### Supplied material
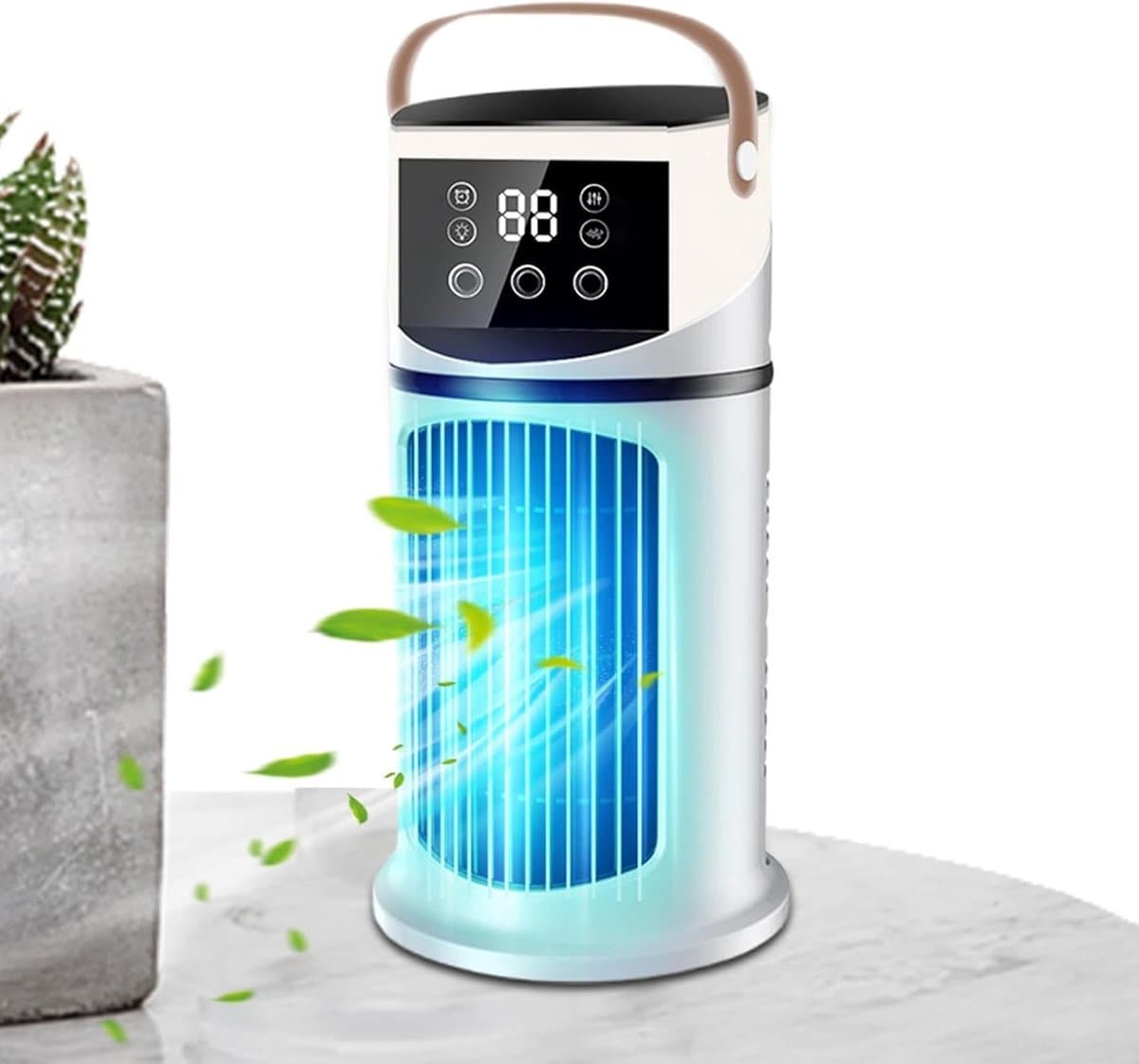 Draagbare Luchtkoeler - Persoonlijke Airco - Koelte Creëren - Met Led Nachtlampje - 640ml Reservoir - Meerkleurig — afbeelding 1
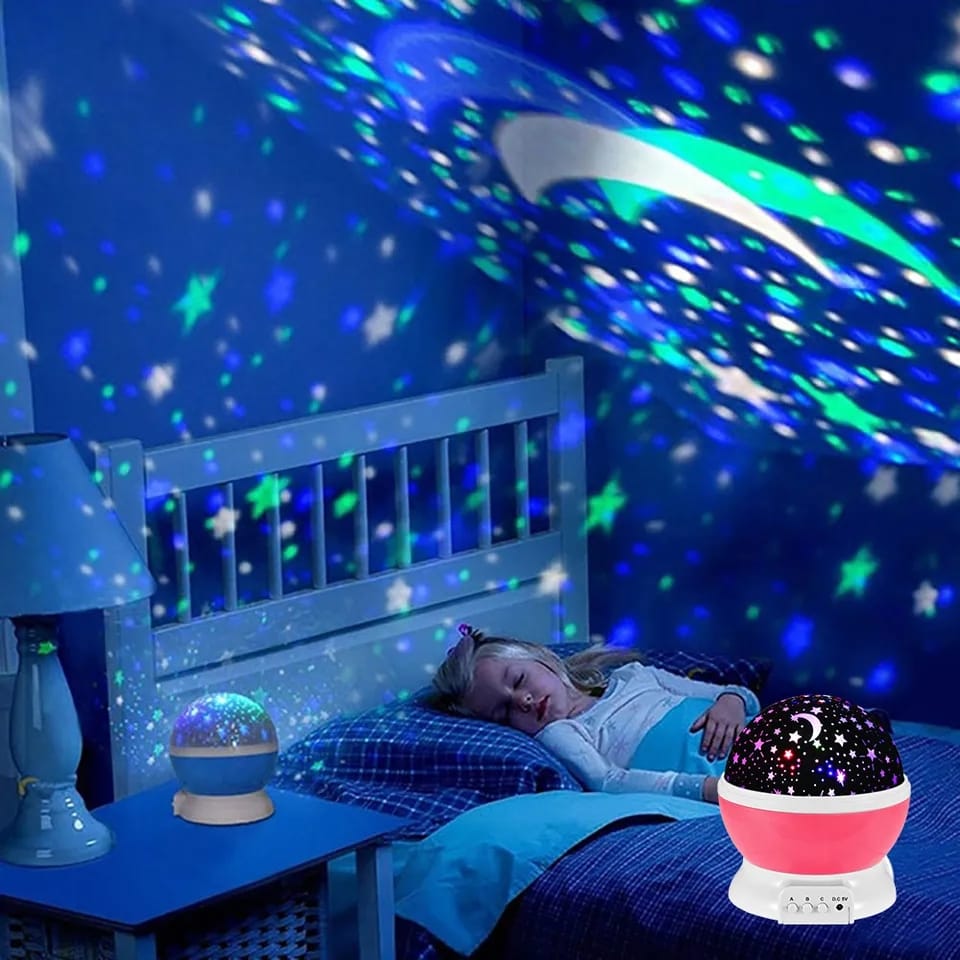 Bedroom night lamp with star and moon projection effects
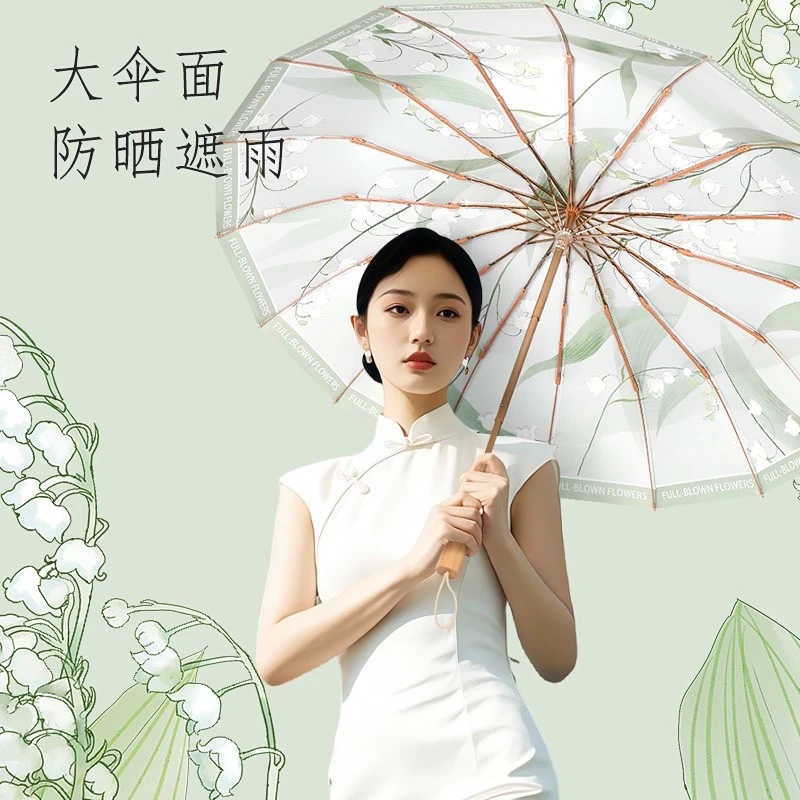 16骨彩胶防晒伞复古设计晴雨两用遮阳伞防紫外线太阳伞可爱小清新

### Directions
Give the listing again exactly, minus its images.

### Answer to the exercise
 Draagbare Luchtkoeler - Persoonlijke Airco - Koelte Creëren - Met Led Nachtlampje - 640ml Reservoir - Meerkleurig — afbeelding 1
 Bedroom night lamp with star and moon projection effects
 16骨彩胶防晒伞复古设计晴雨两用遮阳伞防紫外线太阳伞可爱小清新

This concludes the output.